The Main Ingredient of Leadership and How to Get More of It

Thoughts on Excellence Free E-Newsletter Series
Volume 17, Issue No. 10a
February 1, 2019

By Dan Coughlin

 

What do leaders have in common?

It turns out to be not very much. There are male leaders and female leaders; tall and short leaders; loud and quiet leaders, extroverted and introverted leaders; rationalist, idealist, artisan, and shepherd leaders; leaders with big, fancy titles at big corporations and leaders with no titles who do volunteer work; famous leaders known by millions and family leaders known by very few people. I could keep going with the differences between leaders, but I think you get the idea.

So what do they have in common? What is the basic prerequisite of leadership?

A Definition of Leadership and Common Fallacies of Leadership

Let’s start with a definition. Definitions help define what is meant within a word and what is outside of that word. I define leadership as “influencing how other people think so they make decisions that improve results in a sustainable way.”

Based on that definition, just having a title doesn’t make a person a leader, regardless of how big the title. This is a common fallacy to think that a person is automatically a leader because of his or her title.

Just having a particular talent doesn’t make the person a leader, regardless of how great the talent.

Just having particular physical attributes doesn’t make the person a leader, regardless of the person’s height or looks or build.

Just having certain educational degrees doesn’t make the person a leader, regardless of how fancy-sounding the degree.

Just having a certain amount of money doesn’t make the person a leader, regardless of how much money is in the person’s bank account.

Just having a charismatic personality or calmness under pressure doesn’t make the person a leader, regardless of how great the personality.

The Main Ingredient: Wisdom

Drum roll please.

The main ingredient all leaders have in common is wisdom, and wisdom is available to everyone.

Titles, talents, physical attributes, educational degrees, money, and charisma don’t guarantee leadership, but they also don’t prevent leadership. They are not connected to the main ingredient needed to influence people to think in ways that they make decisions that improve results in a sustainable way.

Wisdom is the necessary ingredient. Wisdom is the perspective you have developed on different topics over the course of your lifetime. Your perspective is the ingredient you have to begin making yourself into a leader. Just as meals have recipes and those recipes need certain ingredients, leadership has a recipe and needs certain ingredients. The main ingredient in the recipe of becoming a leader is your wisdom, your perspective on different topics.

Martin Luther King, Jr. had well-developed wisdom on civil rights and fairness and justice.

Oprah Winfrey developed wisdom on empowering people to live the lives they wanted to live.

John F. Kennedy developed wisdom on when not to use nuclear weapons and on volunteerism.

Mother Theresa developed wisdom on the importance of caring for the poorest of the poor.

My parents developed wisdom on the long-term importance of education.

Two Key Questions

What topics have you developed wisdom on over your life time?

What is your perspective on each of those topics?
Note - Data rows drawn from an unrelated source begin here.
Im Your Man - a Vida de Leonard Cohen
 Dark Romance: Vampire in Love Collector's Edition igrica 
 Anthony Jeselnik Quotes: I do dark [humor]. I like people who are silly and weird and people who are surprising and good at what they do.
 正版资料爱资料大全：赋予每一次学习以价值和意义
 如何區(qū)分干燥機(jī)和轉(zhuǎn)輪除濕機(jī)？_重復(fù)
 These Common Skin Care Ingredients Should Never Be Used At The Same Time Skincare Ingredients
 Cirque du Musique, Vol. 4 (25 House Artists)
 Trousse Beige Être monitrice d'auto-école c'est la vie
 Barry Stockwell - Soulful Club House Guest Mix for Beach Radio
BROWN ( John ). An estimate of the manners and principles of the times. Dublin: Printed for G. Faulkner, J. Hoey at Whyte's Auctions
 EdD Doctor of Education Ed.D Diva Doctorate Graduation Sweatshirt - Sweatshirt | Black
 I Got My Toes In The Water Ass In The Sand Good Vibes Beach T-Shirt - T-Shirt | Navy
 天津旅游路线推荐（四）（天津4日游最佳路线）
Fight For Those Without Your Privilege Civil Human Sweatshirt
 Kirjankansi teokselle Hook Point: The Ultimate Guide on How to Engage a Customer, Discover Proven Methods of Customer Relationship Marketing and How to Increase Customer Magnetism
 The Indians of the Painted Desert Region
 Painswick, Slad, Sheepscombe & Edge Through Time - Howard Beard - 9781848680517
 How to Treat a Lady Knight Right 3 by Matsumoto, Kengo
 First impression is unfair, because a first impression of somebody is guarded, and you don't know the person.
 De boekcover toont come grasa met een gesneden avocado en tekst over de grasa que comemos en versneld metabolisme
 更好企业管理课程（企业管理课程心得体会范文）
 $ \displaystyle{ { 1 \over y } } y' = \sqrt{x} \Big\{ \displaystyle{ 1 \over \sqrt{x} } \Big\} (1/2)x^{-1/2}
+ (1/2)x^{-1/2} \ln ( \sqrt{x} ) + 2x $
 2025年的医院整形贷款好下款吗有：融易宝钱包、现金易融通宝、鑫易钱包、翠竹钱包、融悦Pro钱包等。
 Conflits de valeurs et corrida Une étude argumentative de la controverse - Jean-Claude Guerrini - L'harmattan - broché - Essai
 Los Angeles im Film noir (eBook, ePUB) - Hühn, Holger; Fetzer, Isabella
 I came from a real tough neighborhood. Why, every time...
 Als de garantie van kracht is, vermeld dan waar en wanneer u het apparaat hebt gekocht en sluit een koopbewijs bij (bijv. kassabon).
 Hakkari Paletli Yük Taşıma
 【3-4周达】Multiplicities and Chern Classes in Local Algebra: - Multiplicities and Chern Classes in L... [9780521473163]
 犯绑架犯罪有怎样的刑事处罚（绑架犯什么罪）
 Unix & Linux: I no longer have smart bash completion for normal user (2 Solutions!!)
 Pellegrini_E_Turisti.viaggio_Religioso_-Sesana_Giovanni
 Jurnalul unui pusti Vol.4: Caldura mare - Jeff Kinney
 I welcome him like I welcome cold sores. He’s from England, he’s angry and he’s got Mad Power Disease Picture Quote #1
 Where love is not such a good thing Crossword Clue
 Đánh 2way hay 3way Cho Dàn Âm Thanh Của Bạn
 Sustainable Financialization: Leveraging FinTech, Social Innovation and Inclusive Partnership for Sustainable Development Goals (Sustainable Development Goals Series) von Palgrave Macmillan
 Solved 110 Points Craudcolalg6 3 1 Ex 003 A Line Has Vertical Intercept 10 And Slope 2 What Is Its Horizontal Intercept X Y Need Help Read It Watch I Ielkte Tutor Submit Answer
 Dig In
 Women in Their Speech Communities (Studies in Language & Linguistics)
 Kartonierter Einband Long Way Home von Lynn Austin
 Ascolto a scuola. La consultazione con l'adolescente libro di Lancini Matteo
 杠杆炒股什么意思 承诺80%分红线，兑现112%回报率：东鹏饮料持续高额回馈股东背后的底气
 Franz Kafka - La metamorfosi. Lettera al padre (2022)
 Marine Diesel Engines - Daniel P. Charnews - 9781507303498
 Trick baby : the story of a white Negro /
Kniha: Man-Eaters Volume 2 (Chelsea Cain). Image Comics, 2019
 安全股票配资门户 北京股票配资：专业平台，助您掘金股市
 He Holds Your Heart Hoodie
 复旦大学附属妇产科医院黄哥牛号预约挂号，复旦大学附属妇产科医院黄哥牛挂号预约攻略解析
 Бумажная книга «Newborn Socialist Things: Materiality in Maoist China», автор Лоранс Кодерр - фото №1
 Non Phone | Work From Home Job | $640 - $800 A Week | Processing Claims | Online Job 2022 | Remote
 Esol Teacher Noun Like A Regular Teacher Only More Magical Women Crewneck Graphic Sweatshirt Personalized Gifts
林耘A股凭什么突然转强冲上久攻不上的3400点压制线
Your answers to those two questions are the basis for your leadership in those areas. You can use your perspective to begin influencing other people. If you don’t have a clear perspective on a topic, then no matter how charismatic you are you will not be an effective leader. You can’t make a cookie without the necessary ingredients.

How to Develop More Wisdom

Having wisdom does not complete your work as a leader, it starts your work as a leader. You still have to effectively deliver your wisdom to other people. In this article I’m just focusing on the starting point.

If you really want to be an effective leader on a given topic, then start with a topic you have so much passion for you will immerse yourself into it.

What topic do you want to really develop your perspective on? Is it parenting, managing people in an organization, building great electronic devices, making quality financial decisions, teaching young children, or something else? 35 years ago I determined that I was passionate about learning how to help other people achieve whatever they wanted to achieve. I was so passionate about this topic of individual and group performance that I’ve never tired of learning about it.

Recently I read biographies on Bill Belichick, Robin Williams, and Fred Rogers, of Mr. Rogers Neighborhood. Belichick studied how to build winning football teams from a very young age. Robin Williams immersed himself into the world of comedy and acting. Fred Rogers’ passion was the development of young children.

Find a topic you are so passionate about that you are willing to pour yourself into it for the long term.

Once you choose your topic then read as much as you can about it, talk with as many other people as you can about it, take notes, reflect on what you’ve learned, and discern the key ideas that you want to move forward with on that topic. Those ideas or processes or facts or stories or experiences make up your perspective. They are the foundation of your wisdom on that topic.

If you want more wisdom, then keep immersing yourself in the topic. Keep sharpening and honing and improving your perspective. That is how you increase the ingredient for even better leadership. Fully invest yourself in the development of your wisdom.